◆ **WORK TO COMPLETE**
The entries that follow need to be printed exactly as they are, minus any pictures.
═════ RECORDED DATA
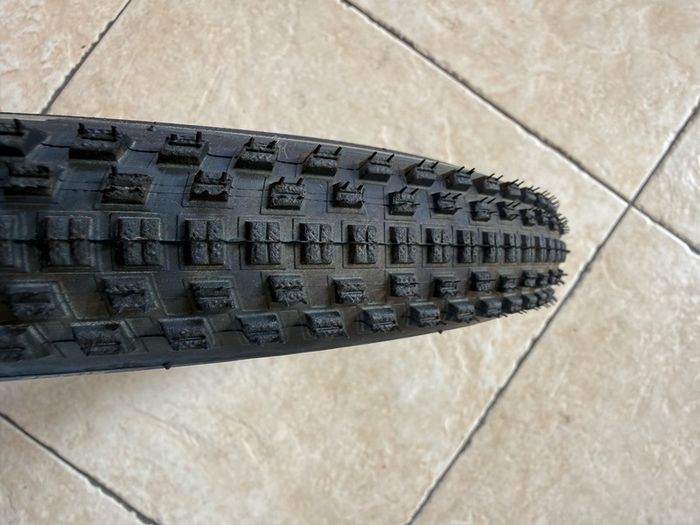 Woom 3 16 inch New Tyre
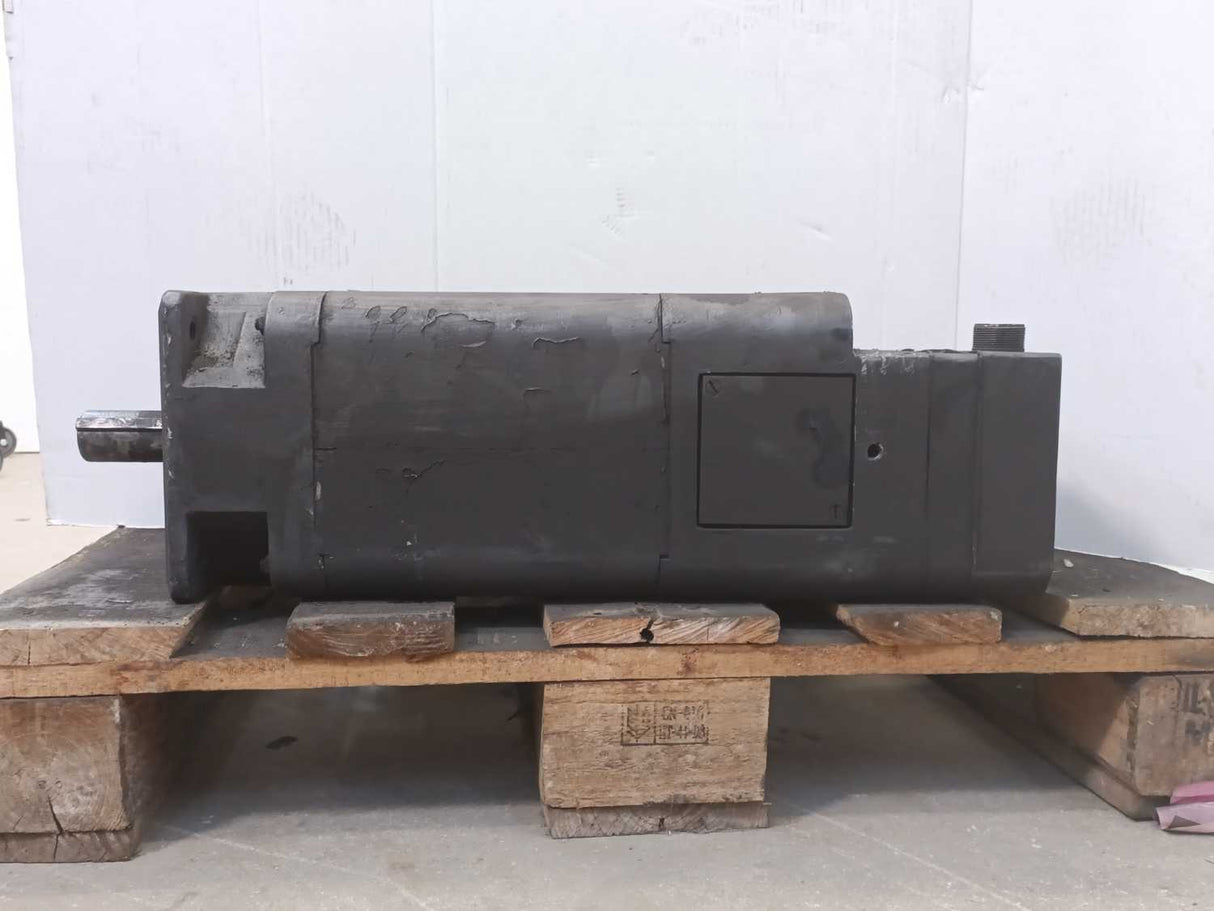 General Numeric / Siemens 1HU3104-0AH01-Z Water Cooled DC Servomotor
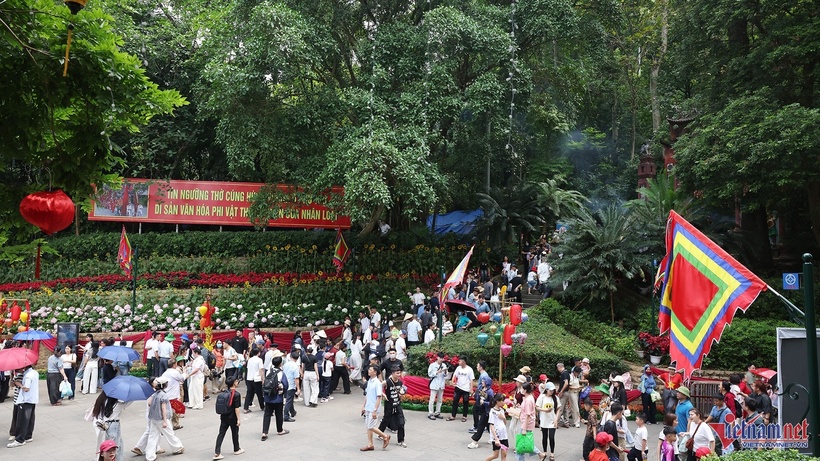 Theo Ban tổ chức lễ hội, năm nay, các hoạt động lễ hội Giỗ Tổ Hùng Vương được tổ chức quy mô lớn, kéo dài 10 ngày (từ ngày 17 đến 26/4) với hơn 25 chương trình văn hóa, thể thao, du lịch. Ảnh: VietNamNet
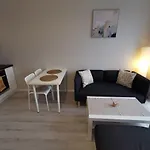 アパート Apartmenty Adler - White シュチェチン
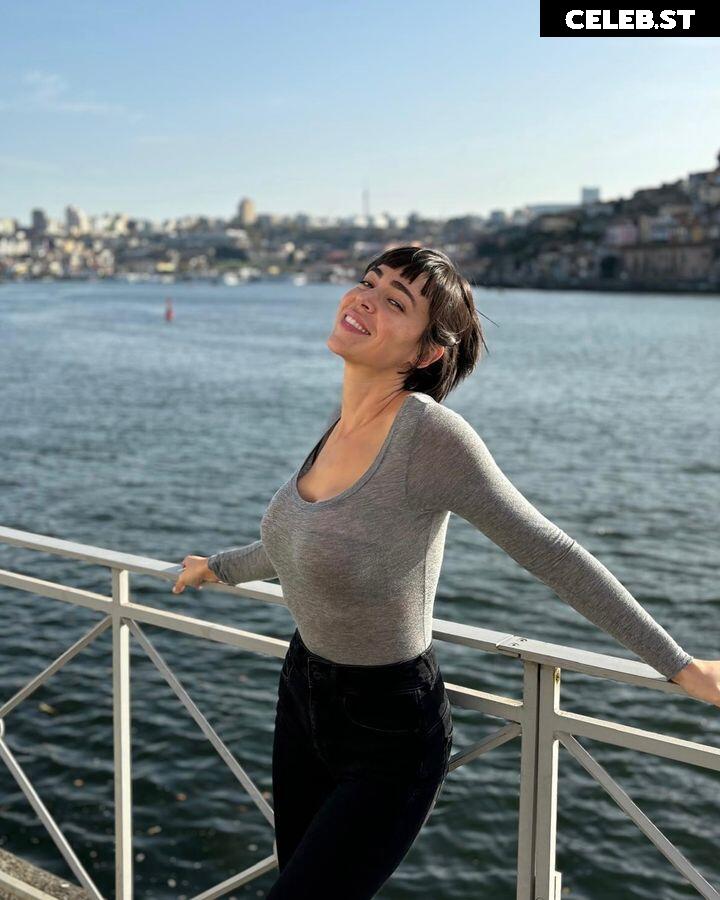 Iris Soares Image 11972947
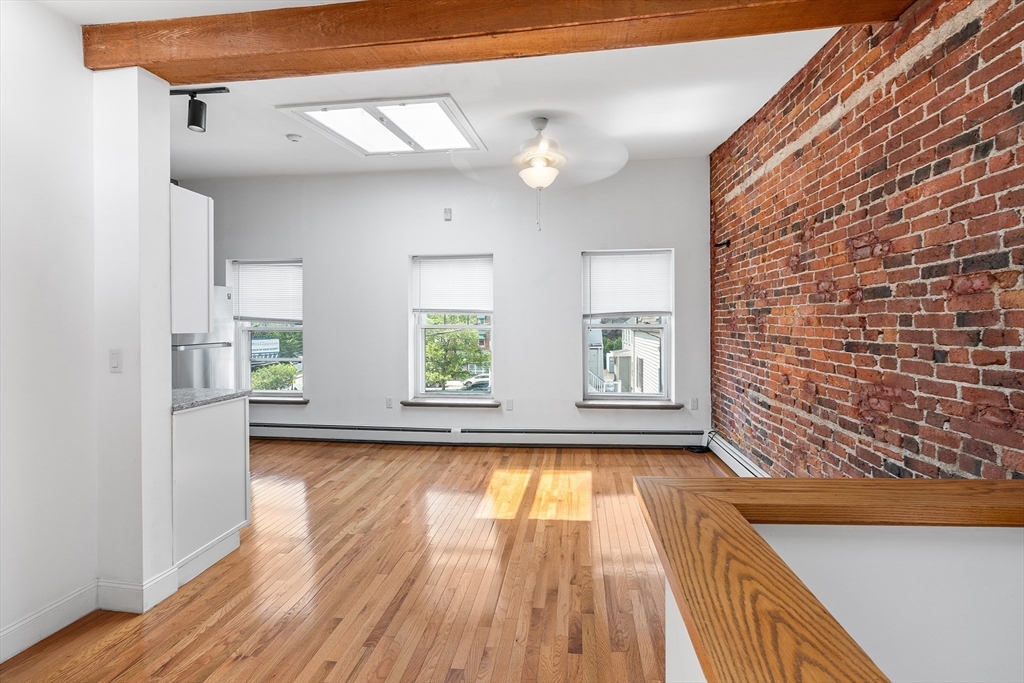31 Division St #3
══════════
◆ **EXERCISE ANSWER**
 Woom 3 16 inch New Tyre
 General Numeric / Siemens 1HU3104-0AH01-Z Water Cooled DC Servomotor
 Theo Ban tổ chức lễ hội, năm nay, các hoạt động lễ hội Giỗ Tổ Hùng Vương được tổ chức quy mô lớn, kéo dài 10 ngày (từ ngày 17 đến 26/4) với hơn 25 chương trình văn hóa, thể thao, du lịch. Ảnh: VietNamNet
 アパート Apartmenty Adler - White シュチェチン
 Iris Soares Image 11972947
31 Division St #3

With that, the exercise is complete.